I am looking for advice! any hint, clue or idea is greatly appreciated!

I am currently an Engineering & Business student, who I will be graduating in July 2009.Throughout my studies, I spent quite some time abroad.
I lived on the Gold Coast, Australia for 9 months in total and I lived in Calgary for almost one year. Calgary I didn't appreciate as much.
Actually, it is very simple. I fell in love with Australia.
Do you have any advice for me how to proceed to get a job down under?

I won't hold a bachelor or a masters degree. it's a German Diplom, which is considered as a qualification in between a bachelor or a masters.

I would be willing to relocate to pretty much anywhere in Australia. I just want to get started there.
I have applied with several companies through their graduate recruitment, but I dunno if approach is going to be fruitful.

Thank you for your help


----------



## kaz101

Hi Hessi, 

Have you checked to see what visa suits you? There is a link to the DIAC website in the 'PLEASE READ....' post and there is also a link to the visa wizard which has the most common forms of visa. 

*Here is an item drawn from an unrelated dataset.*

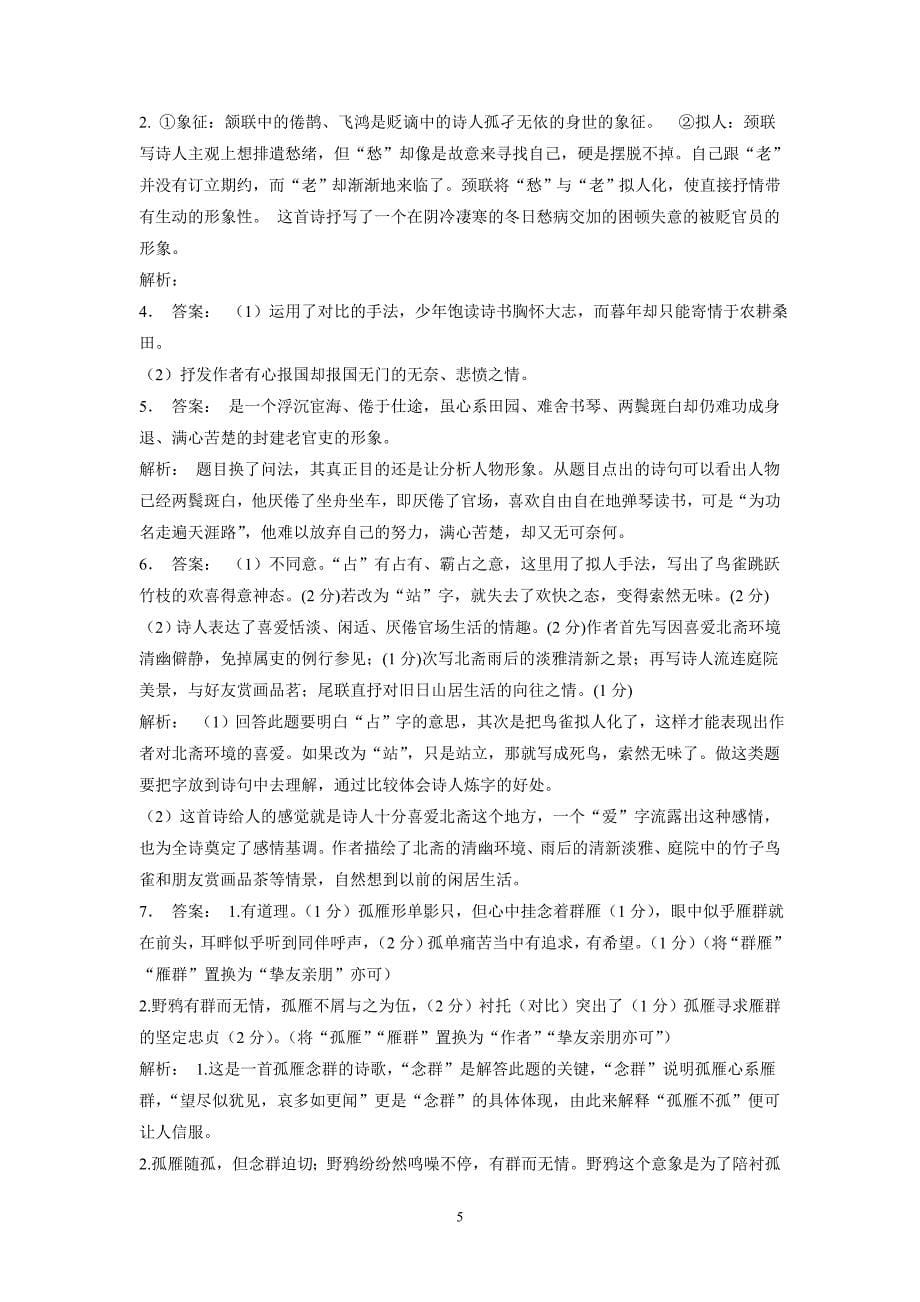 江苏省2018届高考语文复习专项练习：古代诗歌鉴赏（课外）(10)（附答案）$805072_第5页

Take a look through the visas but be aware that most of them require experience in a skill / trade. 

If companies can get graduates locally then they are unlikely to recruit from abroad so unless you are in demand you may not get company sponsorship. 

Regards,
Karen


----------



## Dolly

Hi Hessi,

Welcome to the forum.

When you're starting off you have to work out if you qualify for a visa. If you look at the sticky "Thinking of emigrating" as well as the sticky Karen suggested, there's all the info you need.

Work experience is a major part of the visa process.

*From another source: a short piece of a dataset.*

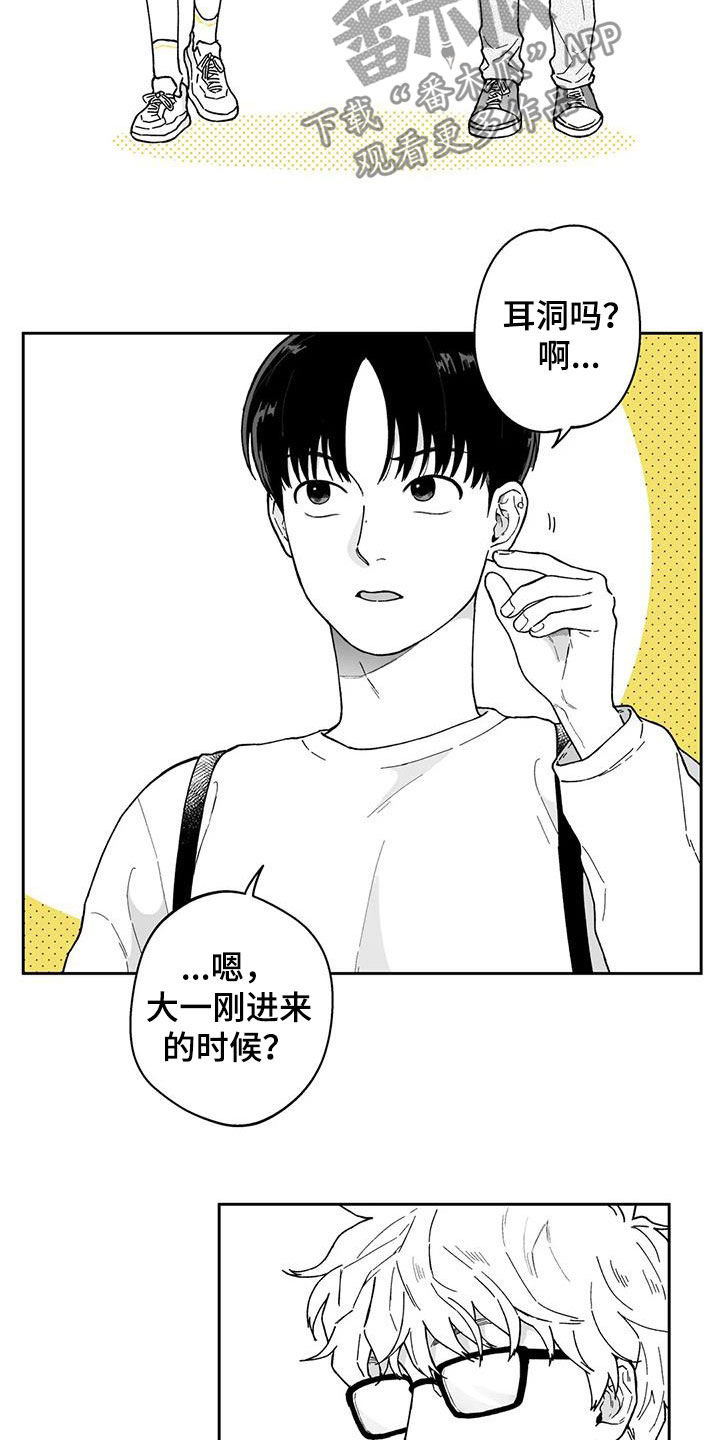 第27话12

Have a read and then ask away with more questions (because when you've read all that, you'll have loads  ).

Dolly


----------



## Hessi

Dolly said:


> Hi Hessi,
> 
> Welcome to the forum.
> 
> When you're starting off you have to work out if you qualify for a visa. If you look at the sticky "Thinking of emigrating" as well as the sticky Karen suggested, there's all the info you need.
> 
> Work experience is a major part of the visa process.
> 
> Have a read and then ask away with more questions (because when you've read all that, you'll have loads  ).
> 
> Dolly


Thank you to the both of you!

I do qualify for the Occupational Trainee Visa. I gained work experience as part of my studies in Germany and Canada ( totalling a year) and I do have an apprenticeship. However, it is not hundred percent related to my degree.

I am applying with big mining companies at the moment. However, since I am not a local I don't think my approach is going to be fruitful.

I was just wondering if you have any experience with similar cases ( recent European graduate seeking employment in OZ)

I will definitely be digging through all the threads and soak up as much as possible to get me any further!

Cheers


----------